Copy the material below verbatim from the line with "Kitchen - 1363 Childress St NE" to the line with "Alpenpalace Luxury Hideaway", both lines included, omitting pictures and every line outside that range.

▸ Dataset:
# # #

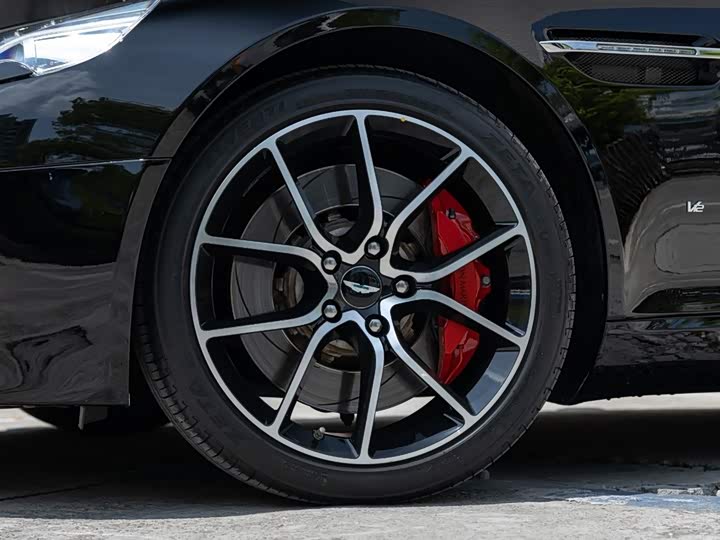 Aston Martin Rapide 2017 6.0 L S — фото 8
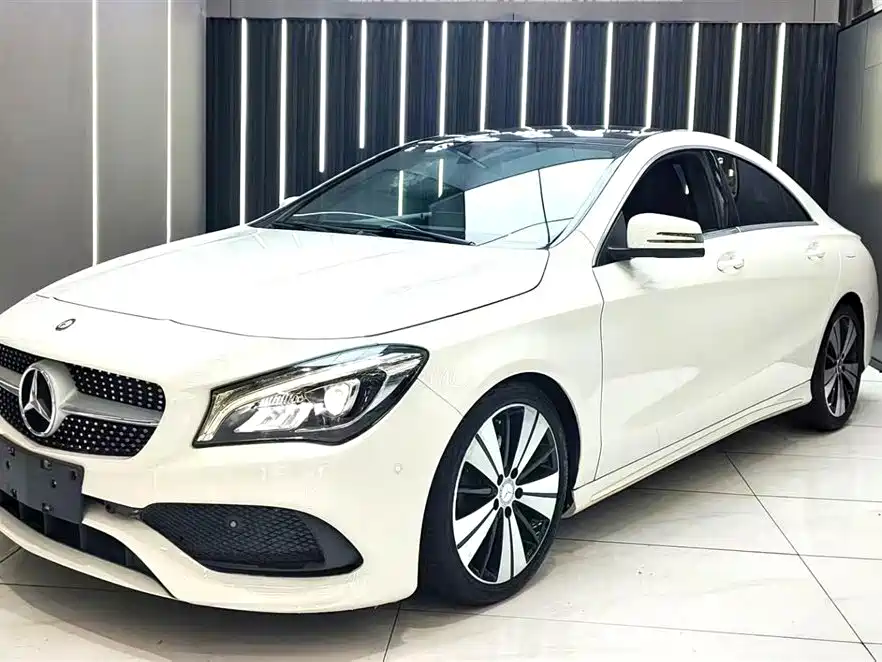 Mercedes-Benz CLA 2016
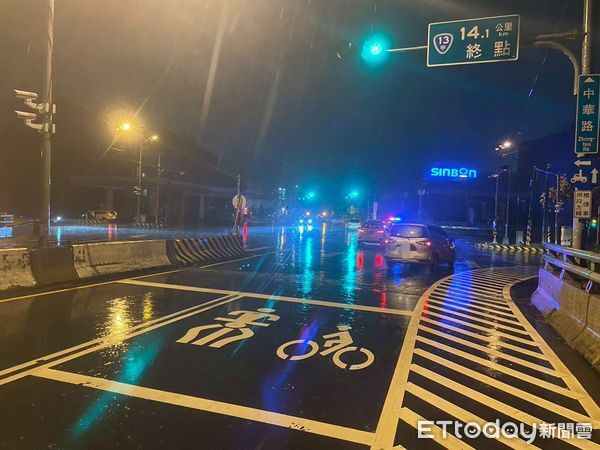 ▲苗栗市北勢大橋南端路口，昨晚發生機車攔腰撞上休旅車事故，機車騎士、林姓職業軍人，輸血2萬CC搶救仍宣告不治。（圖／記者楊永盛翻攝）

# # #

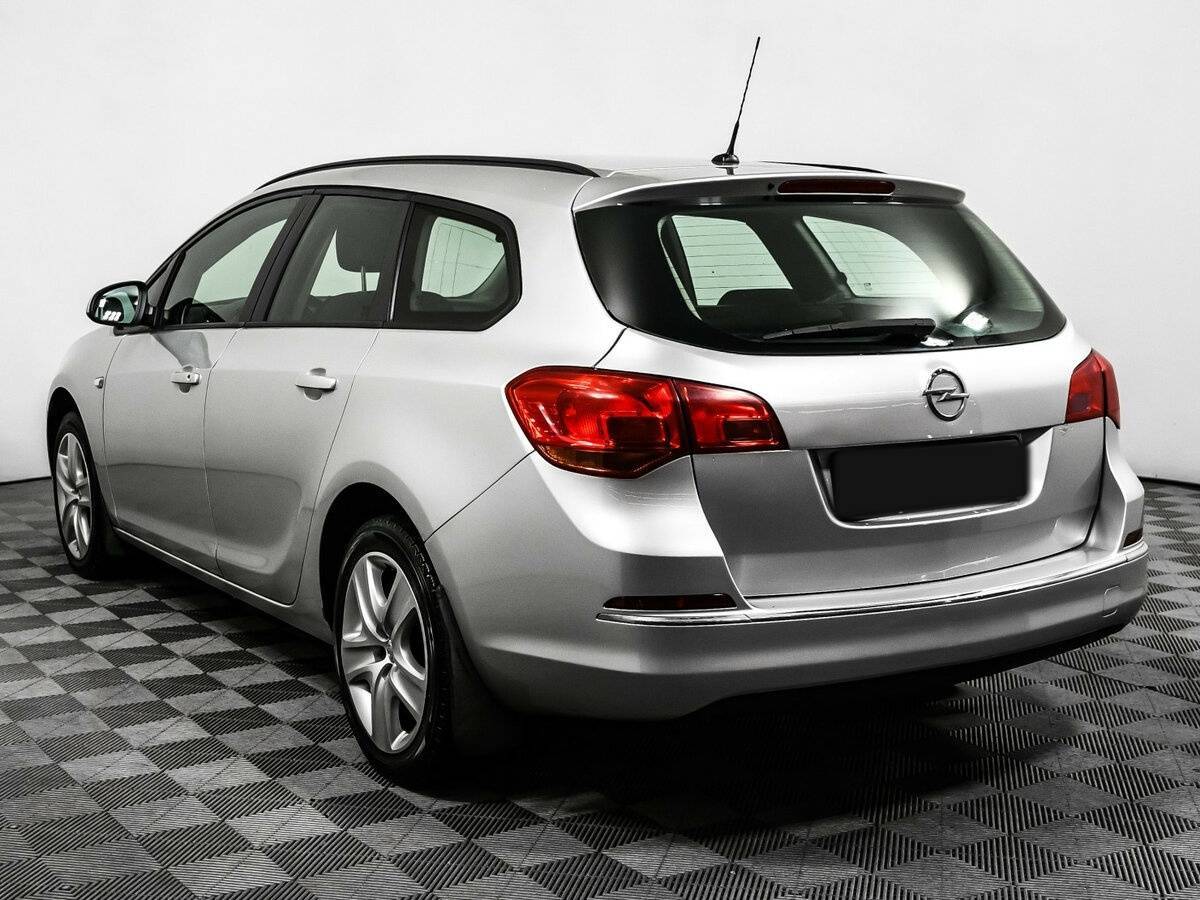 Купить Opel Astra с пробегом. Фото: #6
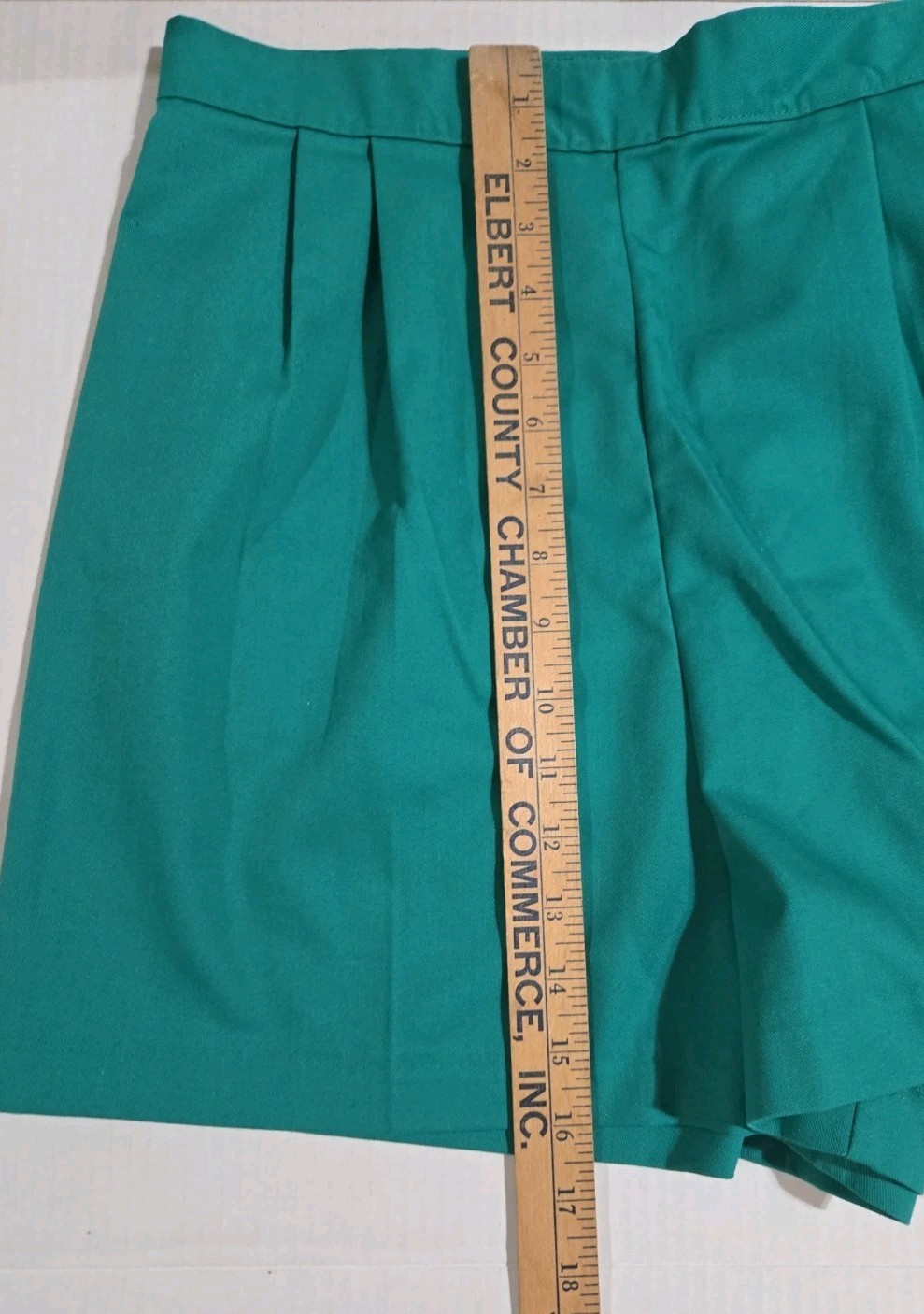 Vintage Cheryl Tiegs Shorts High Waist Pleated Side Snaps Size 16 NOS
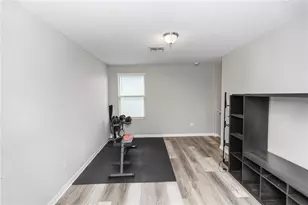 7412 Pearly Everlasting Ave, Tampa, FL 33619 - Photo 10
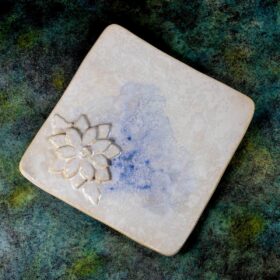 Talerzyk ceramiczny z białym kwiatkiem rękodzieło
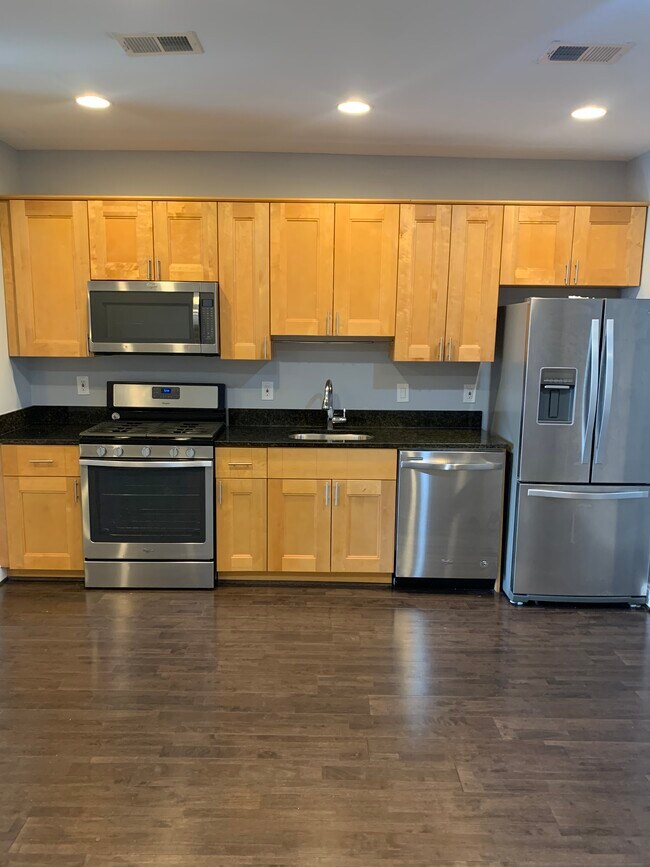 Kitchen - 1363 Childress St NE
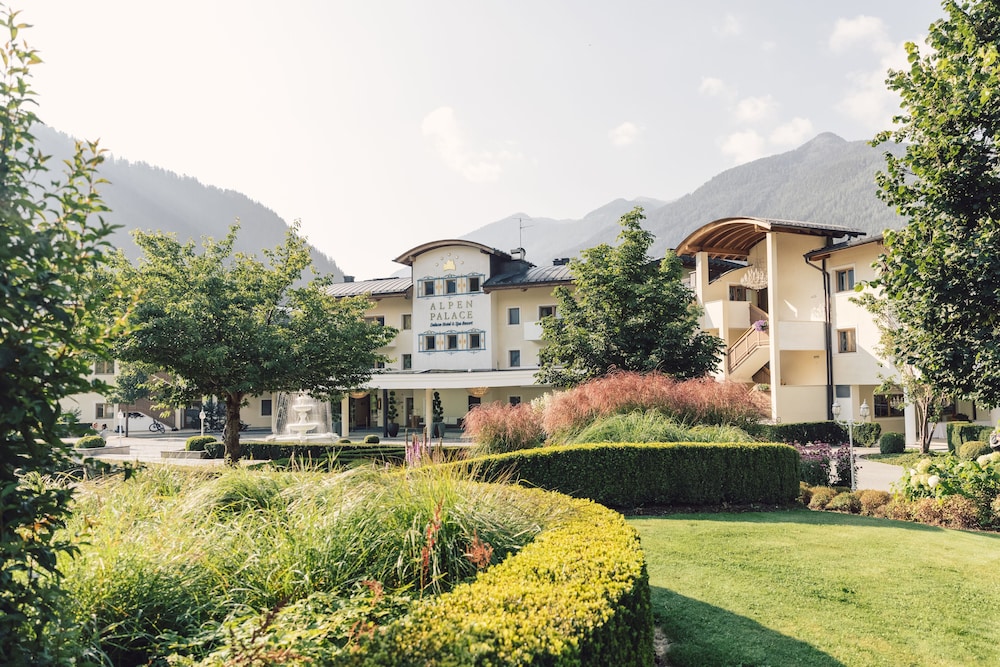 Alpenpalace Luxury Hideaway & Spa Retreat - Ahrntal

# # #

▸ Response area:
 Kitchen - 1363 Childress St NE
 Alpenpalace Luxury Hideaway & Spa Retreat - Ahrntal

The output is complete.